With the recognition of the limited supplies of raw materials, and especially metals, from previously available terrestrial mine sites, a great deal of effort has been put into the development of means to mine valuable metal ores from the abyssal depths of the oceans. Such means have generally centered about the utilization of extremely deep water dredging means, especially at depths of between 10,000 and 18,000 feet, to bring up what is known as ocean floor nodule ore, or manganese nodules.

The extreme conditions met at such great ocean depths, particularly in the way of pressures, have necessitated the development of a new generation of dredging equipment. Generally, a dredging means is connected to a surface vessel by way of a device for bringing the ore from the ocean floor to the surface. The dredging head can be, for example, of the suction nozzle variety, wherein the ore is literally sucked into a nozzle, much in the way of a vacuum cleaner, and then transferred to the vertical means rising to the surface. Such vertical means, generally utilized in combination with a suction head nozzle, include hydraulic means for lifting the ore suspended in, generally, water. Mechanical means for the removal of such ocean floor ores have also been utilized, including, for example, continuous bucket chains or digging scoops.

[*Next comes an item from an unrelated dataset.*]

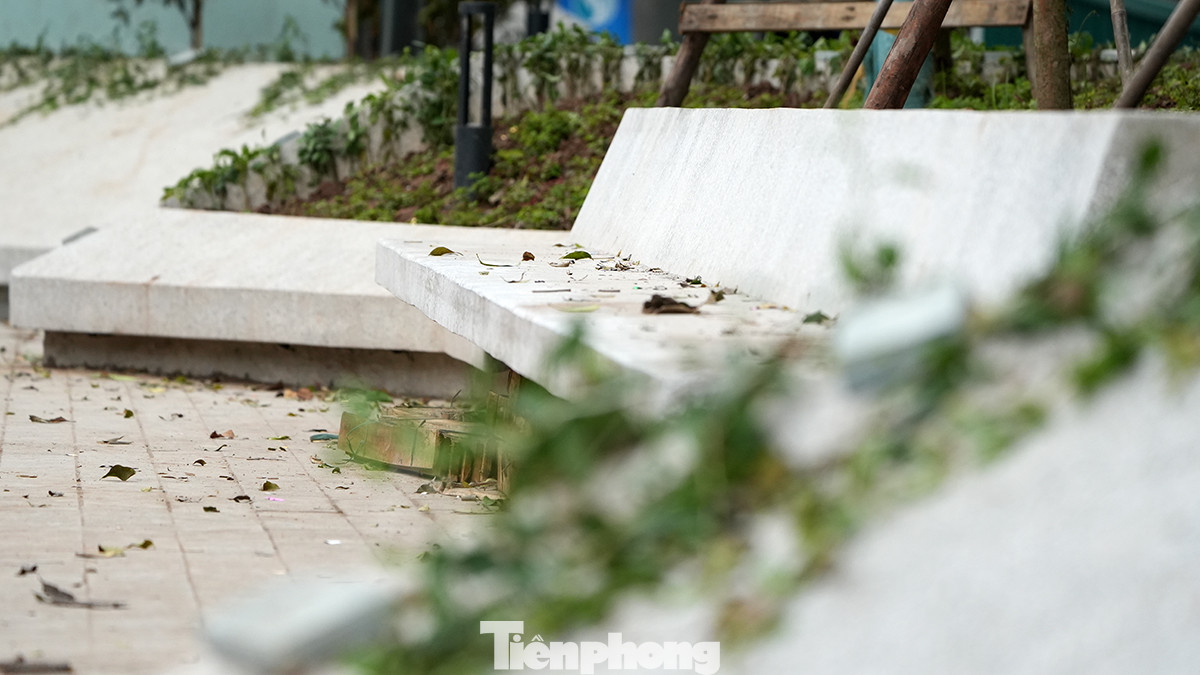 Cây xanh leo sẽ được trồng trong những ụ bê tông để khi cây phát triển sẽ phủ kín tạo cảm giác xanh tươi và hạn chế phần nào diện tích bê tông hóa của vườn hoa Vạn Xuân (Hàng Đậu). Cây xanh leo sẽ được trồng trong những ụ bê tông để khi cây phát triển sẽ phủ kín tạo cảm giác xanh tươi và hạn chế phần nào diện tích bê tông hóa của vườn hoa Vạn Xuân (Hàng Đậu).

Generally, the dredging means, of whatever type, are pulled through the water utilizing, for example, the length of pipe for hydraulically lifting the ore from the floor to the surface vessel. The dredging means, and particularly the suction nozzle head, is thus subject not only to the pressures at the abyssal depths but also to the problems of hydrodynamic drag created by the continuing flow of water as it is moved along the ocean floor, by towing, as well as problems of solid obstacles on the generally not well charted ocean floor.

Because of the inability of man to survive and work at these great depths, even by utilizing the newest experimental techniques, the operation of such dredges has necessarily entailed telemetric controls. Such long distance operation of a device has, of course, decreased the efficiency of collection of the operation; but such inefficiency has been, of necessity, accepted as part of the risks of any such venture. In an attempt to improve the recovery rate, for example, of the suction head nozzle type devices, mechanical means have been employed, such as by way of fingers or probes, thrusting ahead of the nozzle opening to loosen the nodule particles from the ocean floor. Although this has been at least partially successful, there has also been a great deal of loss caused by these particles being swept away along the side of the nozzle as it is being pulled through the water.

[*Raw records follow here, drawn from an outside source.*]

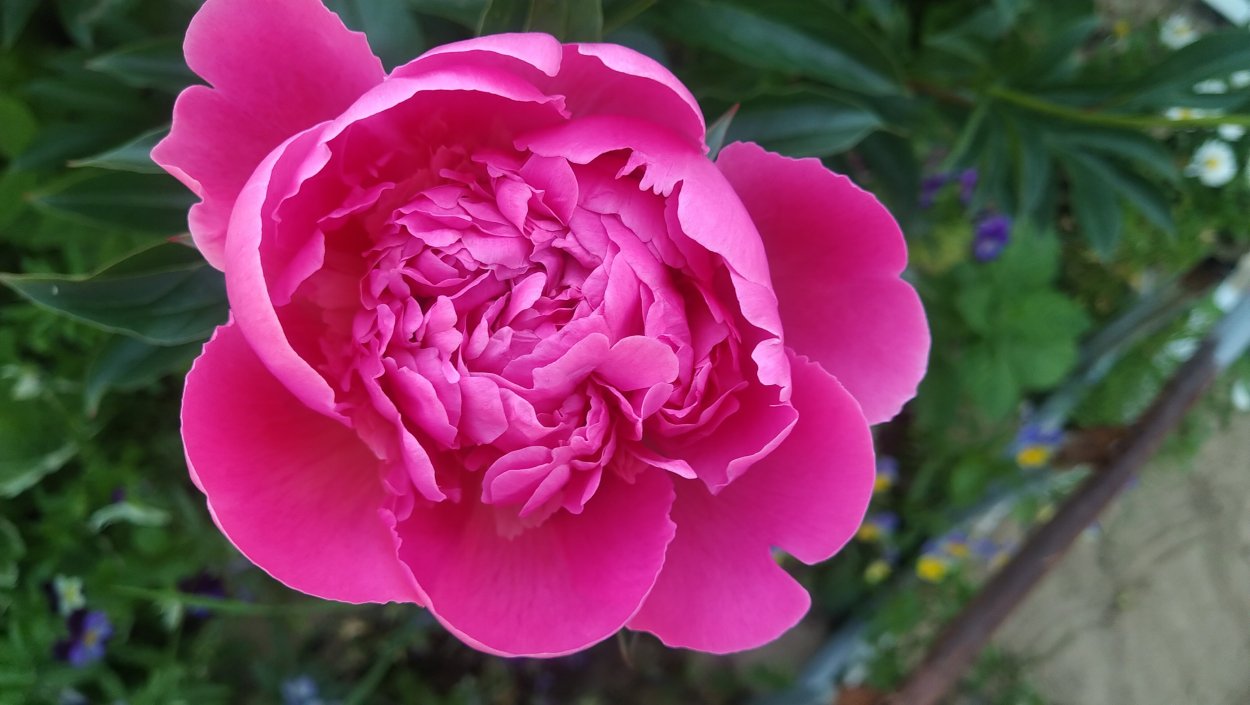 Пион Francois Ortegat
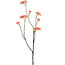 Pure Kunsttak Limonium 70 cm Oranje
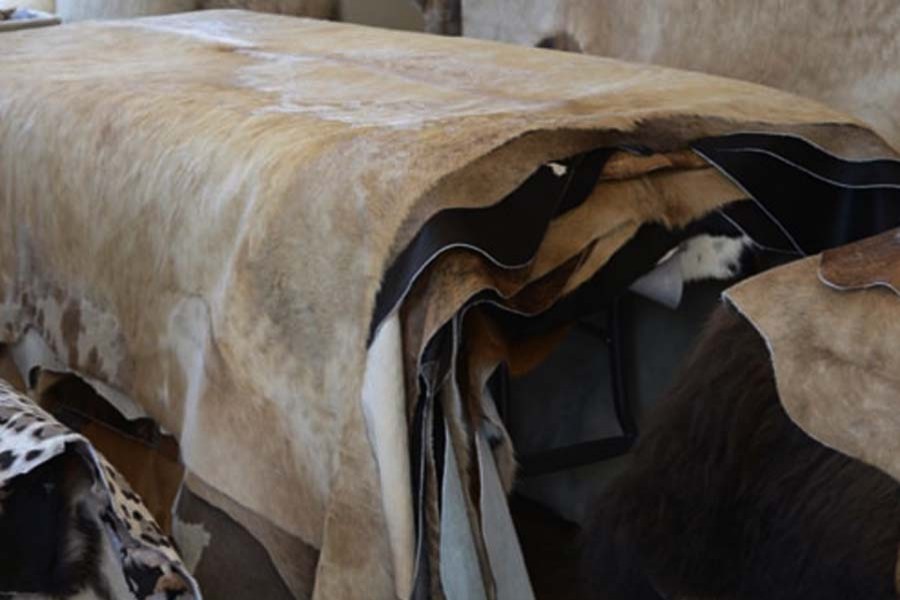 File Photo (Collected)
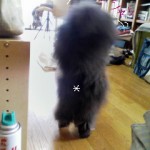 後ろ姿の素敵な3号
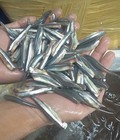 Hình ảnh: Cá cơm than tươi ngon chất lượng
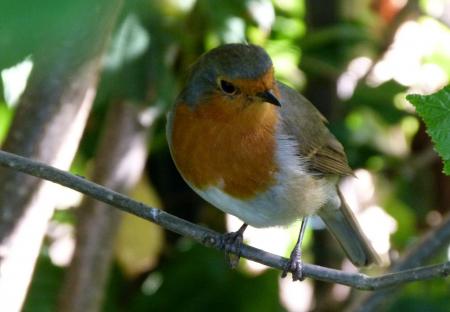 Bird on the Branch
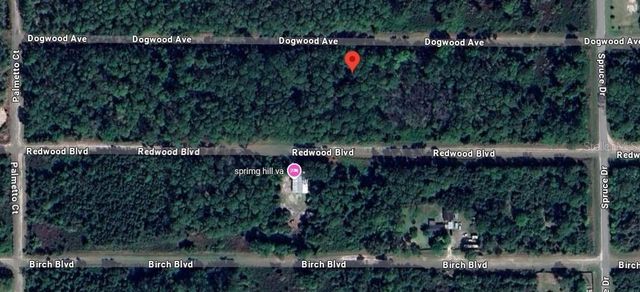 423 DOGWOOD AVENUE, Georgetown, FL 32139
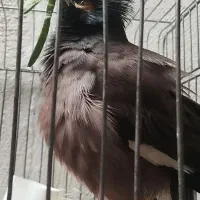 واگذاری پرنده قبول می‌کنم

Deposits of valuable metal ores are found lying on the surface of the soft sea floor as nodules, or as generally fist-sized "rocks" which are only partially immersed within the sediment on the ocean floor. The nodule materials, of course, vary greatly in size, from what can be considered relatively small pebbles or even grains, up to relatively large rocks, or even boulders. Granite and other stone boulders are of course also often encountered when passing along the deep ocean floor.

It is accordingly an object of the present invention to provide means to improve the effectiveness of a dredge head in removing nodules and other ore of a like particulate nature from the ocean floor.

It is a further object of this invention to provide means to shield a dredge head from obstacles and hydrodynamic forces which tend to interfere with the removal of the ore.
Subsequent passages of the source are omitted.